▶ **SUPPLIED DATA**
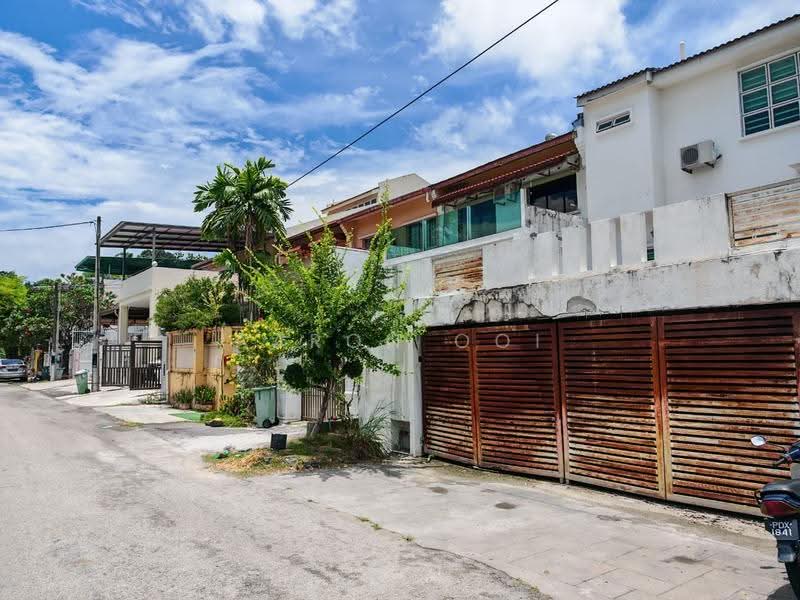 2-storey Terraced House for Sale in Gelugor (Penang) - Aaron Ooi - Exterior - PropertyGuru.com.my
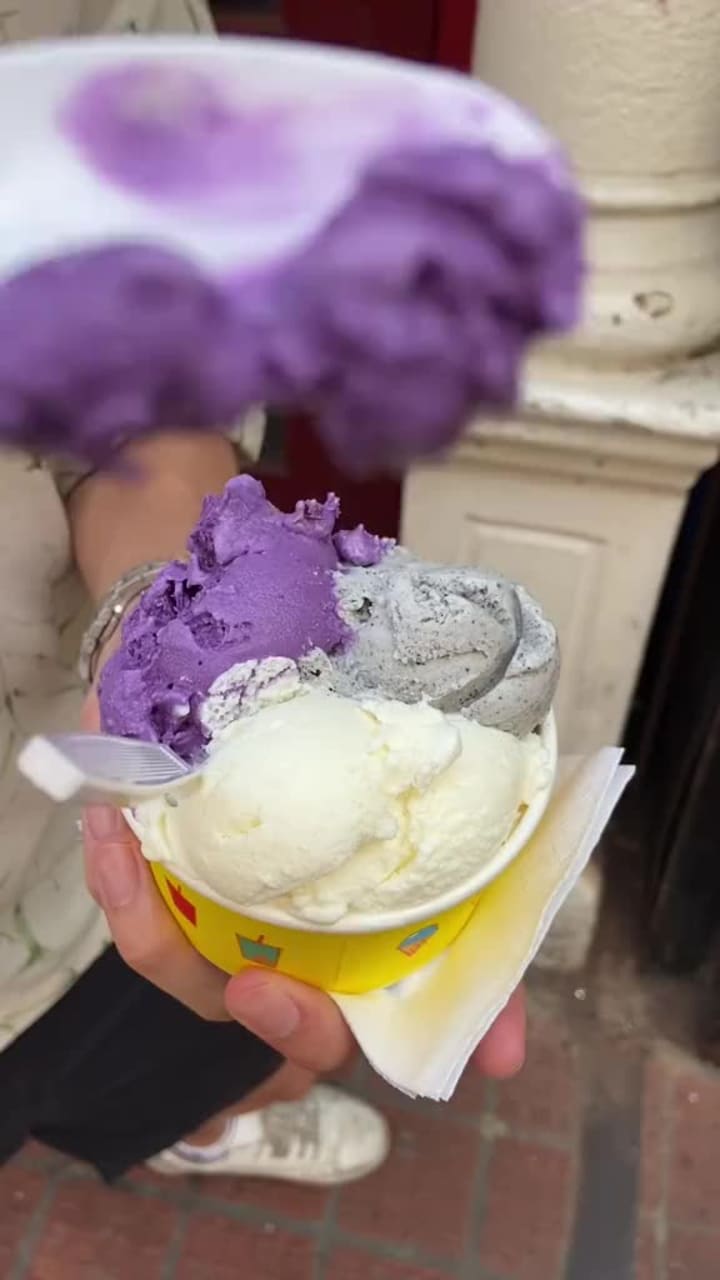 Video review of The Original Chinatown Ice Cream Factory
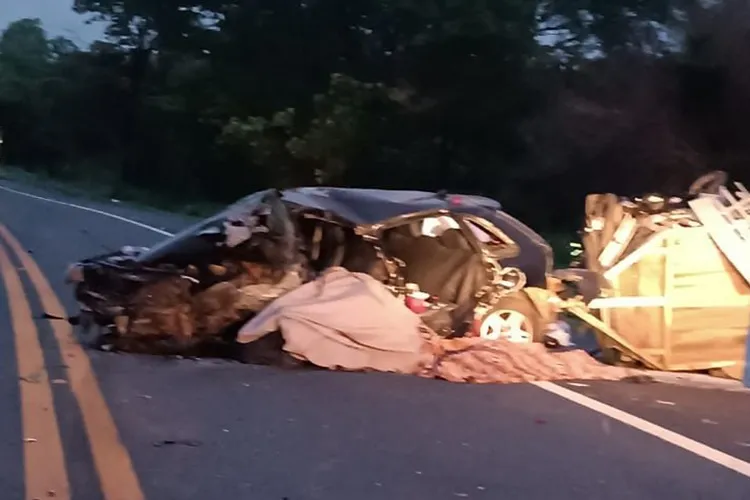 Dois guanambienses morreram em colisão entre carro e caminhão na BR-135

▶ **WHAT IS REQUIRED**
Only the pictures stay behind; everything else in the data above is to be retyped exactly.

▶ **ANSWER TO THIS TASK**
 2-storey Terraced House for Sale in Gelugor (Penang) - Aaron Ooi - Exterior - PropertyGuru.com.my
 Video review of The Original Chinatown Ice Cream Factory
 Dois guanambienses morreram em colisão entre carro e caminhão na BR-135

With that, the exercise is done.